● DESCRIPTION OF THE TASK
Using the listing below, print the line containing "Our final illusion", the line containing "This will be", and each line between them, exactly and nothing else. Pictures stay out of the print.

● EXTRACTED RECORDS
● ● ● ●

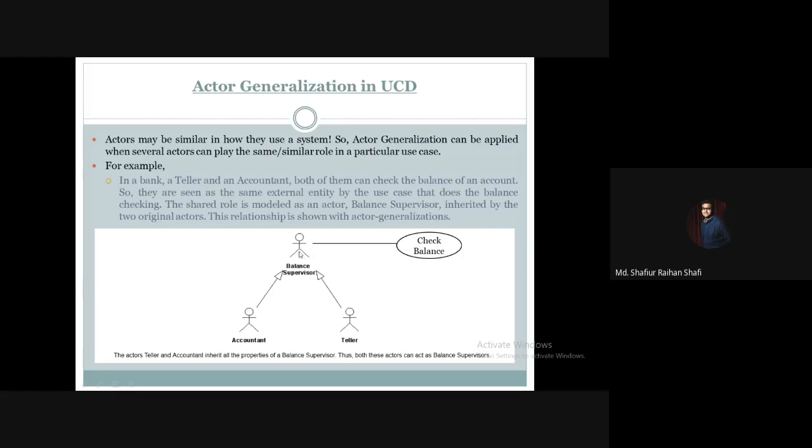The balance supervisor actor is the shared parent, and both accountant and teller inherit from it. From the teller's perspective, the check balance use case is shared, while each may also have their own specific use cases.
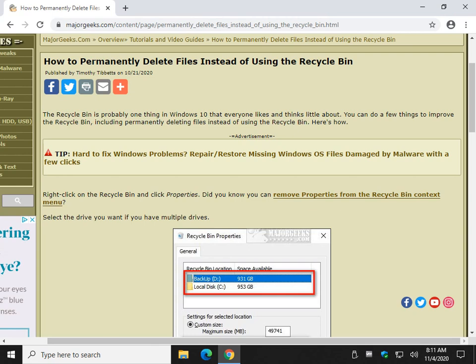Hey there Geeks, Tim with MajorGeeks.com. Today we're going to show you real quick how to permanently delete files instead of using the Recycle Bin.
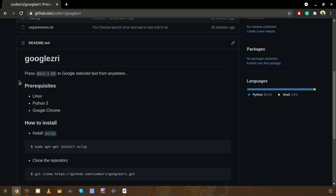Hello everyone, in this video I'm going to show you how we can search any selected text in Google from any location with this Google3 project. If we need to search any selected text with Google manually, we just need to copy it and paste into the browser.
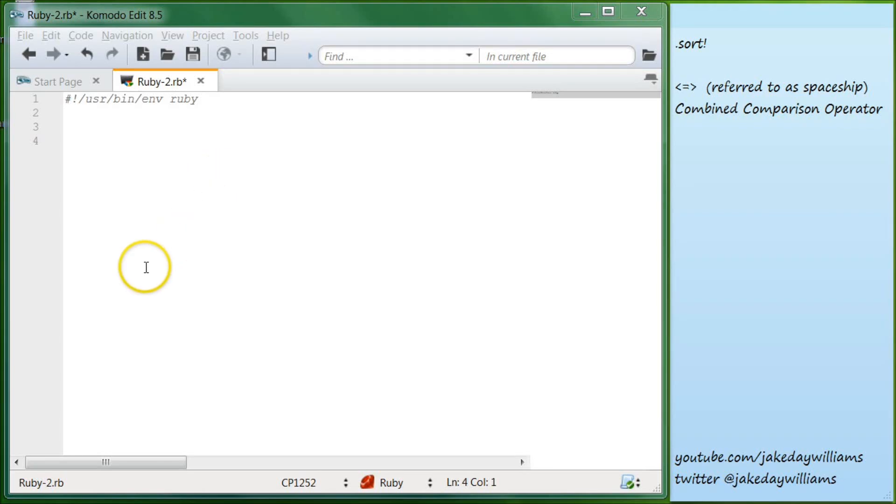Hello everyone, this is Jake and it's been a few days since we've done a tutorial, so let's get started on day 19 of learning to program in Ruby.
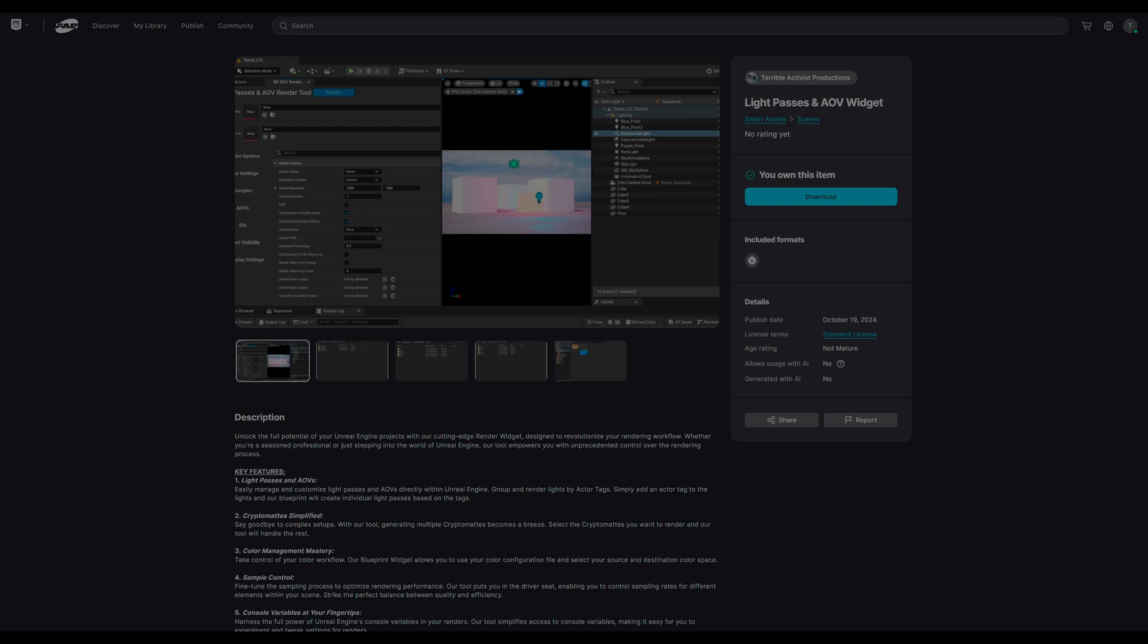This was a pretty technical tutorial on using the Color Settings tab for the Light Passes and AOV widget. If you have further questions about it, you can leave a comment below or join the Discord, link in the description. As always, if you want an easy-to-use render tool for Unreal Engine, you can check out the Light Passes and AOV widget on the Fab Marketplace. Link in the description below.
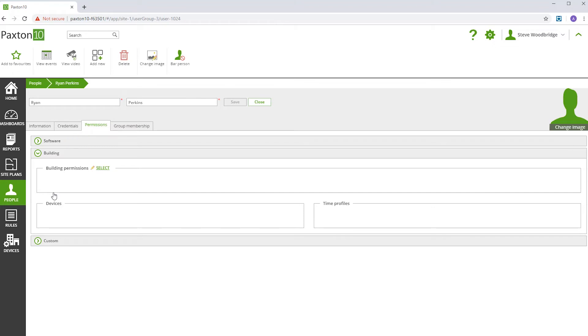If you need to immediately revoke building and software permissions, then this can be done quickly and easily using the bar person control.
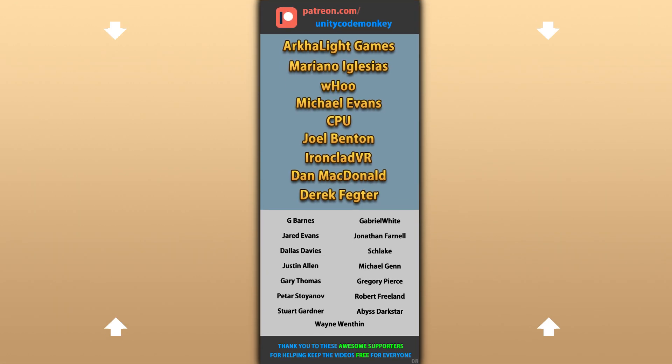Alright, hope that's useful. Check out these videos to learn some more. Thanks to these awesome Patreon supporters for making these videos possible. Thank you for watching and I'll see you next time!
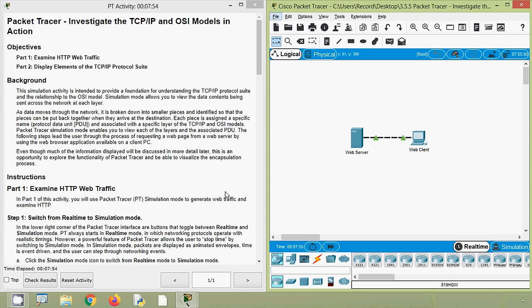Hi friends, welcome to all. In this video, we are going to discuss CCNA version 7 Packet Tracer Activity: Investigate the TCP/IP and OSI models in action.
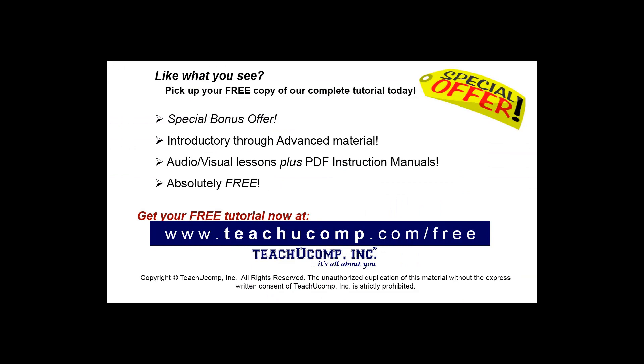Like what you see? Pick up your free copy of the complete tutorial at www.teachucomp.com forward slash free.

● ● ● ●

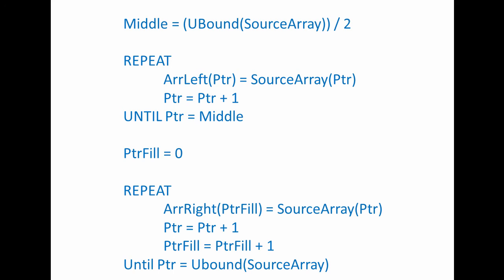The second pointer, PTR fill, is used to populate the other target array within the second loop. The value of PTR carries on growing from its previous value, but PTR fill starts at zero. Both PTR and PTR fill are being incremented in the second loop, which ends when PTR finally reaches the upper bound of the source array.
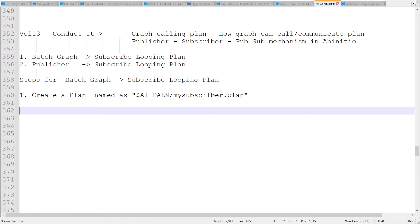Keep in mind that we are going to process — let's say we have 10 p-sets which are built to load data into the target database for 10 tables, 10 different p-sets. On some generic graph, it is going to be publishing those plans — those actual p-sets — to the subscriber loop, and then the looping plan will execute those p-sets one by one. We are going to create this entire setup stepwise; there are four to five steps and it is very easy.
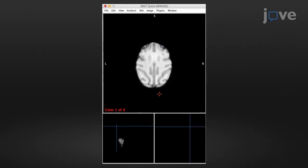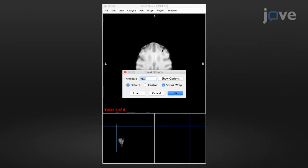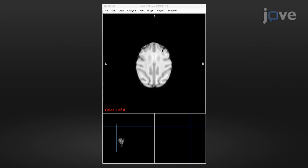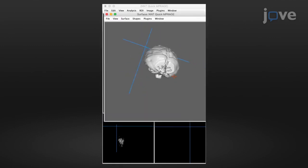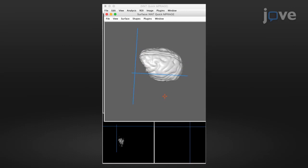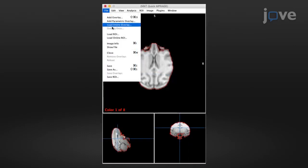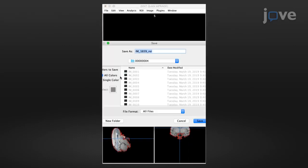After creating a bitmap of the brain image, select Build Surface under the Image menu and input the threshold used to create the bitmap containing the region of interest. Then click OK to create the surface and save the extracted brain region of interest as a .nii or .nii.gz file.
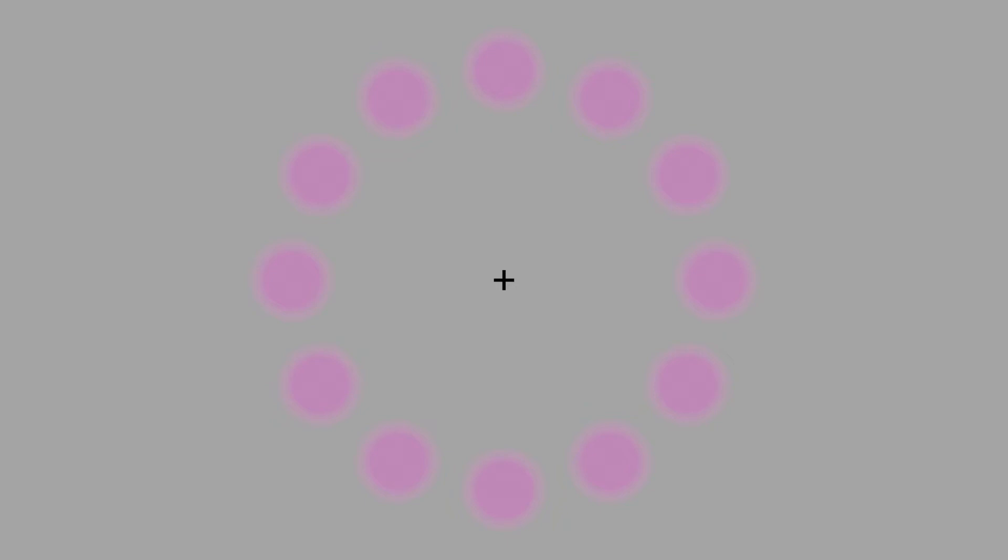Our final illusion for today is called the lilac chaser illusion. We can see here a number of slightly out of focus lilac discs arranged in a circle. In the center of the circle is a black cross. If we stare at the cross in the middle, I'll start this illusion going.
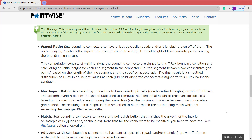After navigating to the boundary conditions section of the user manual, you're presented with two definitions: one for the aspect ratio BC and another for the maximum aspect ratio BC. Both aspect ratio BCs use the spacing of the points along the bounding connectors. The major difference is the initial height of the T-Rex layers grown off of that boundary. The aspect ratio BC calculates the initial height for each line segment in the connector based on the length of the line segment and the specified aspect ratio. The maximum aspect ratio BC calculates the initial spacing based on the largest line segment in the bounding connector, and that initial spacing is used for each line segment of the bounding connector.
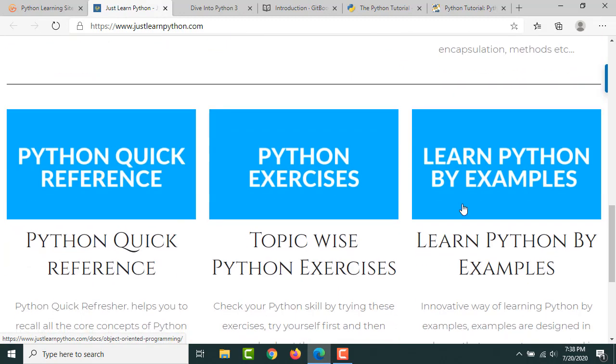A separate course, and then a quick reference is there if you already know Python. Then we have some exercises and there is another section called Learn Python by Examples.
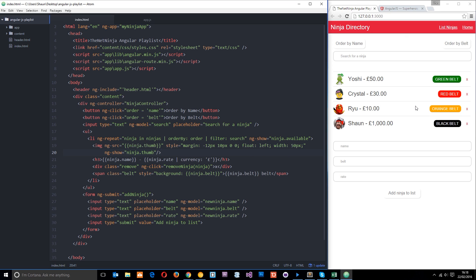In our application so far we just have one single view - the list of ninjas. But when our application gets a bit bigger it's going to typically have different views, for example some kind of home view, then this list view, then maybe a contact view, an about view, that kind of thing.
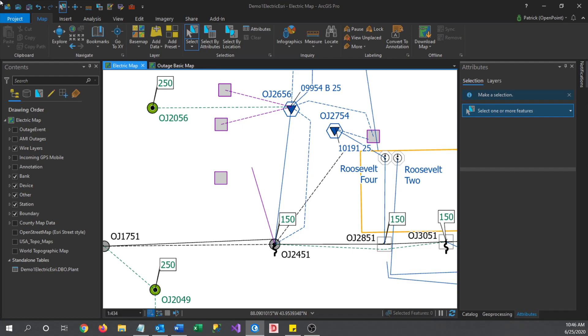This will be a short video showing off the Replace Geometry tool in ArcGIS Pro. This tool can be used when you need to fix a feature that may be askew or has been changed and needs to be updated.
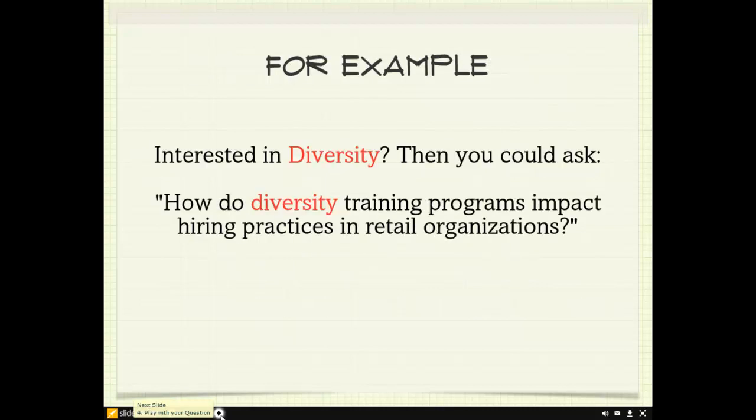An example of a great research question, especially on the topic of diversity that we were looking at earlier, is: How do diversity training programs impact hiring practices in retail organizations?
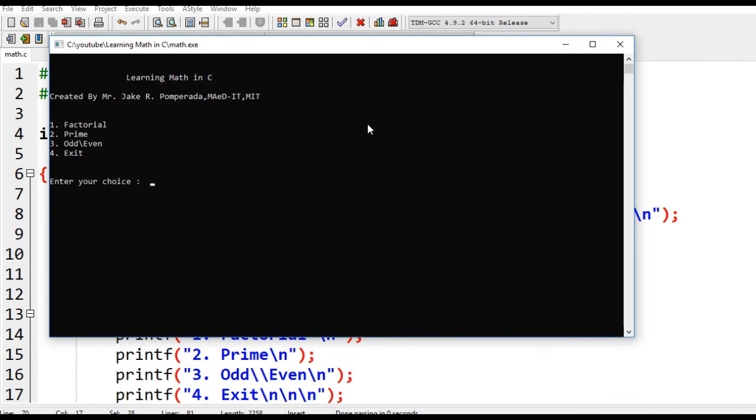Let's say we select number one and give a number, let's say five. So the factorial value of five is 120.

● ● ● ●

● COMPLETED TASK
Our final illusion for today is called the lilac chaser illusion. We can see here a number of slightly out of focus lilac discs arranged in a circle. In the center of the circle is a black cross. If we stare at the cross in the middle, I'll start this illusion going.
After navigating to the boundary conditions section of the user manual, you're presented with two definitions: one for the aspect ratio BC and another for the maximum aspect ratio BC. Both aspect ratio BCs use the spacing of the points along the bounding connectors. The major difference is the initial height of the T-Rex layers grown off of that boundary. The aspect ratio BC calculates the initial height for each line segment in the connector based on the length of the line segment and the specified aspect ratio. The maximum aspect ratio BC calculates the initial spacing based on the largest line segment in the bounding connector, and that initial spacing is used for each line segment of the bounding connector.
A separate course, and then a quick reference is there if you already know Python. Then we have some exercises and there is another section called Learn Python by Examples.
In our application so far we just have one single view - the list of ninjas. But when our application gets a bit bigger it's going to typically have different views, for example some kind of home view, then this list view, then maybe a contact view, an about view, that kind of thing.
This will be a short video showing off the Replace Geometry tool in ArcGIS Pro. This tool can be used when you need to fix a feature that may be askew or has been changed and needs to be updated.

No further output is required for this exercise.